• DepthAI-v2
  • How to actually run inference on a custom model?

TL/DR: I can turn my PyTorch model into a blob. But I cannot run model(image), the forward function, if the model is a blob.

Long story: I managed to get the model to infer on the RGB camera node, so that is pretty neat. However, I am using the PyTorch model to actually run the inference, because I could not figure a way to do so for the blob version.

This tutorial stops exactly at generating the blob.

Also, this repo is unclear to me. I see that the function get() is being called, but when I do that, it actually freezes my program. What is get() supposed to return?

My (simplified) setup for this is the following:

Convert model to blob:

# Load model checkpoint
checkpoint = torch.load('checkpoints/checkpoint_ssd300.pt', map_location='cuda')
model = checkpoint['model']
model.eval()

# Export the model
dummy_input = torch.randn(1, 3, 300, 300, device='cuda')
torch.onnx.export(model, dummy_input, "ssd300.onnx", verbose=False)

# Simplify the model
model_simp, check = simplify('ssd300.onnx')
assert check, "Simplified ONNX model could not be validated"
onnx.save(model_simp, 'ssd300-sim.onnx')

# Convert the model to blob
blobconverter.from_onnx(model='ssd300-sim.onnx', output_dir='ssd300-sim.blob',
                        shaves=6, use_cache=True, data_type='FP16')

Link neural net (along with RGB cam, skipped):

nn = pipeline.createNeuralNetwork()
xout_nn = pipeline.createXLinkOut()
xout_nn.setStreamName("nn")
nn.out.link(xout_nn.input)

# Load model
nn.setBlobPath(Path('ssd300-sim.blob/ssd300-sim_openvino_2021.4_6shave.blob'))
nn.setNumInferenceThreads(2)
nn.input.setBlocking(False)
nn.setNumPoolFrames(4)

cam_rgb.video.link(nn.input)
cam_rgb.preview.link(nn.input)

Run pipeline

with depthai.Device(pipeline) as device:
    q_rgb = device.getOutputQueue("rgb")
    q_nn = device.getOutputQueue("nn")
    frame = None

    # Main loop
    while True:
        # Instead of get (blocking), we use tryGet (nonblocking)
        # which will return the available data or None otherwise
        in_rgb = q_rgb.tryGet()
        in_nn = q_nn.tryGet()   # this returns None

        if in_rgb is not None:
            # Retrieve 'bgr' (opencv format) frame
            frame = in_rgb.getCvFrame()

        if frame is not None:
            # what could "model" be here, aside from a pytorch checkpoint?
            box_location, text_location, text_box_location, det_labels = detect(model, frame, min_score=0.5,
                                                                                max_overlap=0.5, top_k=20) 

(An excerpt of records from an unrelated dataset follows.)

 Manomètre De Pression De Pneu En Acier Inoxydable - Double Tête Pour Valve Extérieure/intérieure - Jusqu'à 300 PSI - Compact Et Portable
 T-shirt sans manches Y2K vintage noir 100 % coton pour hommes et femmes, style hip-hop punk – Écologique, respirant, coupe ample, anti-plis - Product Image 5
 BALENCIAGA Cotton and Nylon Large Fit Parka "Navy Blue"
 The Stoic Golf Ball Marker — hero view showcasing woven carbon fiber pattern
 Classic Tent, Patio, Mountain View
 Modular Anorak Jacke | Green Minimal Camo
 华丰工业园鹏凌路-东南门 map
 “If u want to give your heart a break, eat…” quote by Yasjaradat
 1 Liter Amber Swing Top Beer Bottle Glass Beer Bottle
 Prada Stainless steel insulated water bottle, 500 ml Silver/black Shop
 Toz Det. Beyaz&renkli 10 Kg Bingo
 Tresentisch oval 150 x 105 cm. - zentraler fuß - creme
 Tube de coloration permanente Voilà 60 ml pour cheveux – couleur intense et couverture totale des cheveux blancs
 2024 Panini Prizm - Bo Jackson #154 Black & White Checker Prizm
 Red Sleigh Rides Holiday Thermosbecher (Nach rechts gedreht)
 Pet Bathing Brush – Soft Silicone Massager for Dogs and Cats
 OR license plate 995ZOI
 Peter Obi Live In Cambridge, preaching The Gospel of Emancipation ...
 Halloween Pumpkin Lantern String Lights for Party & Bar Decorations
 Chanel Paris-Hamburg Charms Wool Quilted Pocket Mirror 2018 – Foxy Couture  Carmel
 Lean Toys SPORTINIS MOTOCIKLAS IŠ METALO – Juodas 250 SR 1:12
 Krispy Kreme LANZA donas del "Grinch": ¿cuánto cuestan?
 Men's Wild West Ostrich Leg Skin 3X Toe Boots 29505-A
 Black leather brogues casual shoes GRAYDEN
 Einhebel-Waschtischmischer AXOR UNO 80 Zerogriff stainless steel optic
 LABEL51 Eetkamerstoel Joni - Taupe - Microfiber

Now the detect function expects a PyTorch checkpoint, because somewhere in the code I call the forward pass:

def detect(model, frame, ....):
      ....
      .... = model(frame) 
      ....

If anyone can help me with this, my question is how can I actually forward pass on the blob model itself. I have no idea how to handle this problem.

Thank you very much if you are reading this. For completeness, the whole code is here.

Edit: Even with the linking to the rgb cam (which I had forgotten) cam_rgb.preview.link(nn.input), my in_nn (=q_nn.tryGet) is just a depthai.NNData, which cannot run a forward pass.

The in_nn.getData() does return a list, but its shape cannot be broken into the expected shapes of the outputs that would normally be optained via inference. Any ideea what this could mean?

The following getters do exist, but naturally they output empty lists:

print(in_nn.getLayerFp16('boxes'))
print(in_nn.getLayerFp16('scores'))
print(in_nn.getLayerFp16('labels'))
print(in_nn.getLayerFp16('detection_out'))
  • erik replied to this.

    Hi AndreiMoraru ,

    cam_rgb.video.link(nn.input)
    cam_rgb.preview.link(nn.input)

    Only preview should be linked directly, as model probably expects RGB image type (not NV12).
    Regarding your question - the depthai.NNData already contains inference results, so you don't need to call forward and run another model inference on your computer - all AI computation is done on the device itself. So you only need to decode the NN results. For Yolo/SSD results we already have that added to the platform (example for yolo), for other models you need to decode results on the host side - with business logic (deeplab segmentation example).
    I hope this helps!
    Thanks, Erik

      Hi erik, thanks for the docs.

      I have managed to find a hack using OpenVINO + business logic = spaghetii code. If I'll manage to do it via blobcleaner, then I will update this topic so that more people who google (or bing) "custom model depthai" may see this.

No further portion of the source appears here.